Raw data:
····················
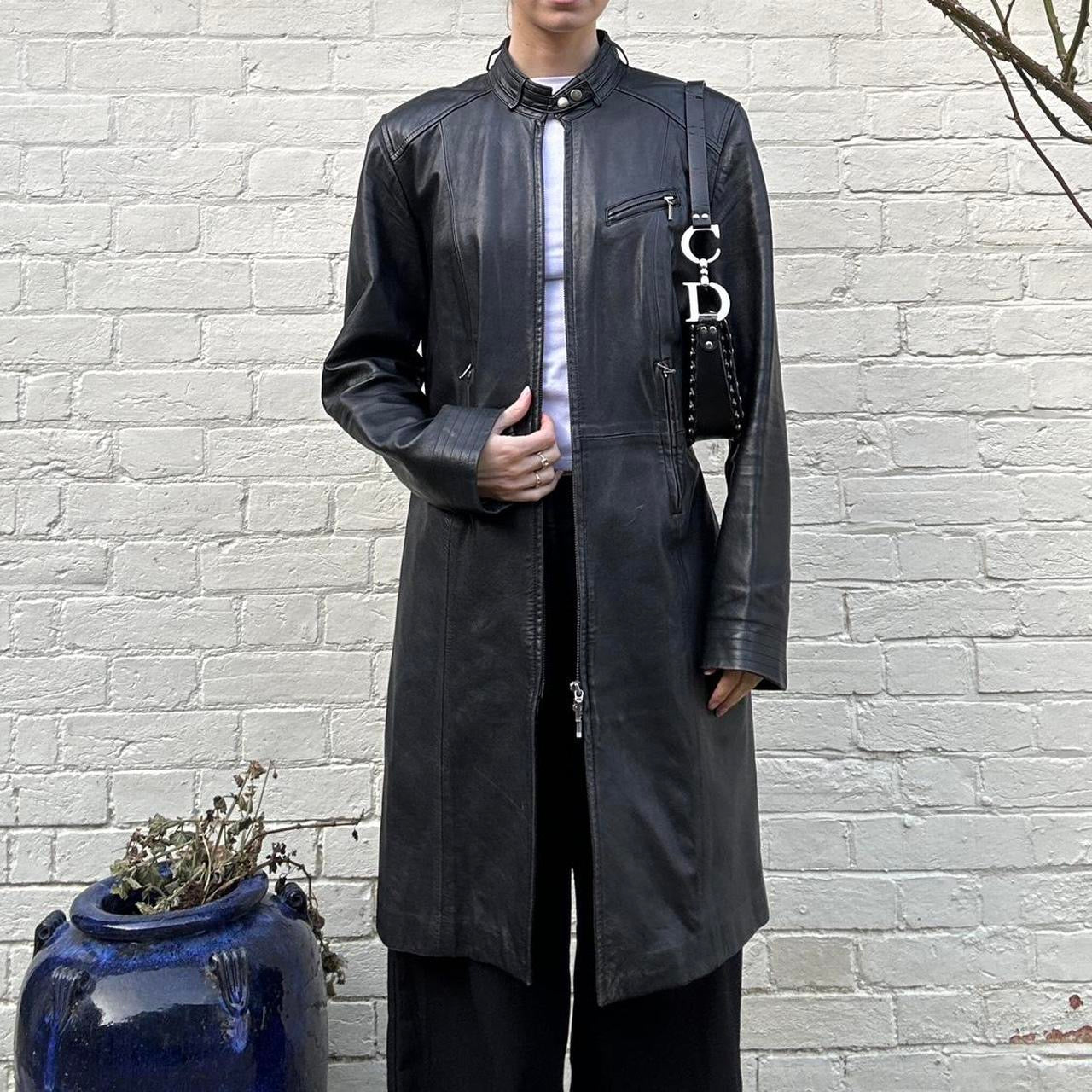 Vintage 00s black leather trench coat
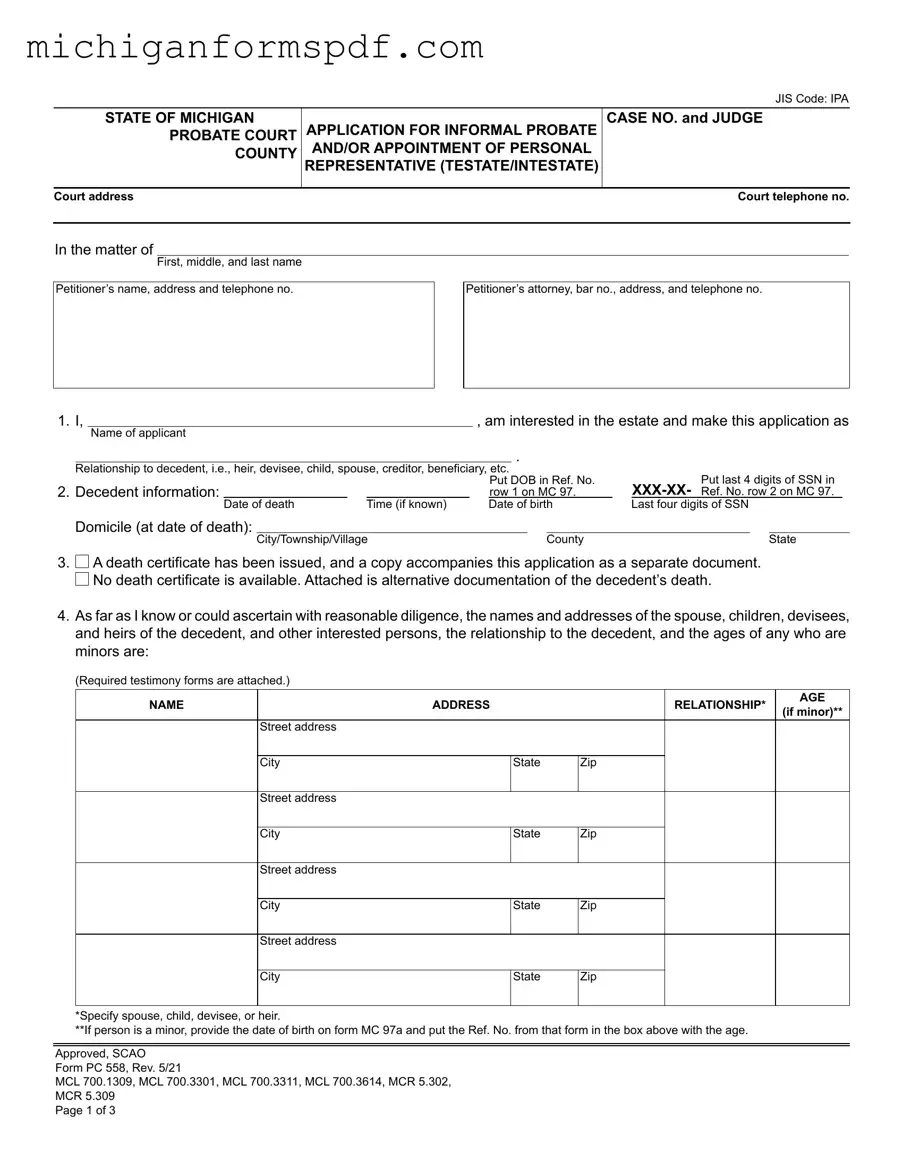 Fill Your Michigan Pc 558 Template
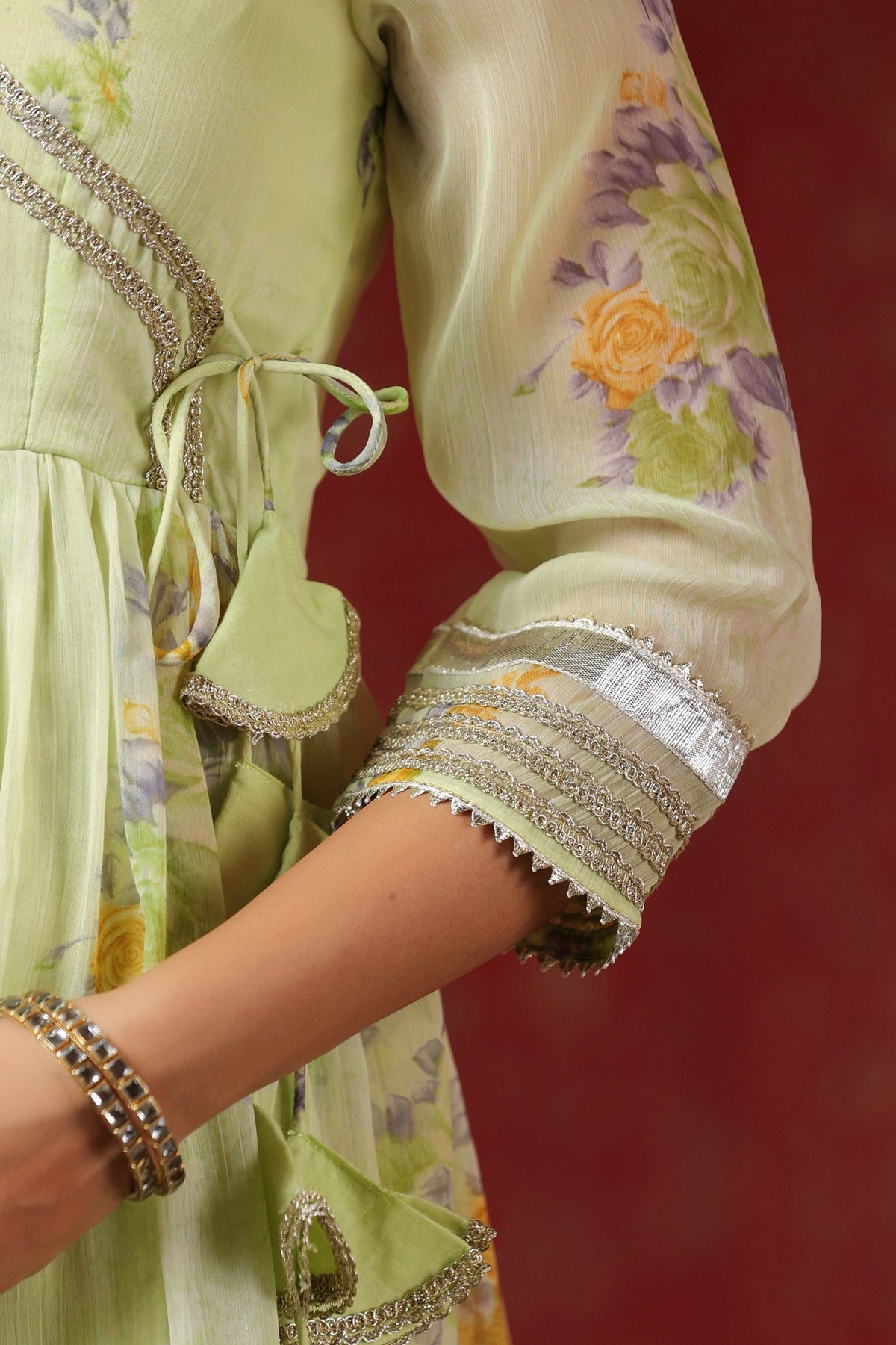 Cardamom Chiffon Sharara Set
····················
Required action: Retype, word for word, only the lines from the line with "Fill Your Michigan Pc 558 Template" to the final line of the listing above; the pictures do not belong in the copy.

Written answer:
 Fill Your Michigan Pc 558 Template
 Cardamom Chiffon Sharara Set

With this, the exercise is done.